**PROVIDED DATA**
---*---

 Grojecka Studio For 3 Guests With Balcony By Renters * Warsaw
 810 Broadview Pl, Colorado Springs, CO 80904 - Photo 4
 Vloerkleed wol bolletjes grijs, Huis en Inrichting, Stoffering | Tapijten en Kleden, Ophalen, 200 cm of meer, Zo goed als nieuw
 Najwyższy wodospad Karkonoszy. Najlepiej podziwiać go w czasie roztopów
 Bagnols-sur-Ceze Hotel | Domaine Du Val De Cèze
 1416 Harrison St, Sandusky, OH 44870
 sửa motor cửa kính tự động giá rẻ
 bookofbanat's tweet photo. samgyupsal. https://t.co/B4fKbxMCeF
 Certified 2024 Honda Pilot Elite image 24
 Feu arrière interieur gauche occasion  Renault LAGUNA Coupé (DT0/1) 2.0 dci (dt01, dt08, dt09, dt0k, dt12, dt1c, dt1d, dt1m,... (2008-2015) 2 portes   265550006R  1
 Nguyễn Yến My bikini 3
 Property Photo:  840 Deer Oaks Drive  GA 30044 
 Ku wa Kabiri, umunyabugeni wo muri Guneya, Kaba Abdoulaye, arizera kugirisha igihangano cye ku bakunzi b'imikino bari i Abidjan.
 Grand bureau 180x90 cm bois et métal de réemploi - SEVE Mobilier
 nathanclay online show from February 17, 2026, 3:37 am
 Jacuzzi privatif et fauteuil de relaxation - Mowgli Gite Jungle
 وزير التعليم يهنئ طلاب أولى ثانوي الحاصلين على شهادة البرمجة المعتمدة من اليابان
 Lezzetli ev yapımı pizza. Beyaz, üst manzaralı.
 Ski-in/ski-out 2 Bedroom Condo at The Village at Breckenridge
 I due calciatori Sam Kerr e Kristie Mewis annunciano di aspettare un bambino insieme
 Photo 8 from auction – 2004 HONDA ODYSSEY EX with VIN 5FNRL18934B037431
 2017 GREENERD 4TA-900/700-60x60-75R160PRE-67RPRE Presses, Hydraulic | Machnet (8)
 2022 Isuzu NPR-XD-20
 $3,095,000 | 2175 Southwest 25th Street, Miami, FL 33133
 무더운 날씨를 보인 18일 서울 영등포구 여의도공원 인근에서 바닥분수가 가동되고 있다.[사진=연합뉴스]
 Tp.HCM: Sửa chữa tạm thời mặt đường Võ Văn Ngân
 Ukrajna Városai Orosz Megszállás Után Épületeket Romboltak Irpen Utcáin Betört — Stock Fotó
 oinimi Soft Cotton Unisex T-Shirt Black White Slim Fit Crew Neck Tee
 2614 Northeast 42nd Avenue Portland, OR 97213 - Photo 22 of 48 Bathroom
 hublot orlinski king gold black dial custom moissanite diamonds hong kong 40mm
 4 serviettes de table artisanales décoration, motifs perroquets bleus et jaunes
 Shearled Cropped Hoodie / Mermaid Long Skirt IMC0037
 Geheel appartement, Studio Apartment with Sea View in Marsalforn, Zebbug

---*---

Go through the material above and output exactly the lines from the one containing "Miami, FL 33133" through the one containing "2614 Northeast 42nd".

**RESPONSE AREA**
 $3,095,000 | 2175 Southwest 25th Street, Miami, FL 33133
 무더운 날씨를 보인 18일 서울 영등포구 여의도공원 인근에서 바닥분수가 가동되고 있다.[사진=연합뉴스]
 Tp.HCM: Sửa chữa tạm thời mặt đường Võ Văn Ngân
 Ukrajna Városai Orosz Megszállás Után Épületeket Romboltak Irpen Utcáin Betört — Stock Fotó
 oinimi Soft Cotton Unisex T-Shirt Black White Slim Fit Crew Neck Tee
 2614 Northeast 42nd Avenue Portland, OR 97213 - Photo 22 of 48 Bathroom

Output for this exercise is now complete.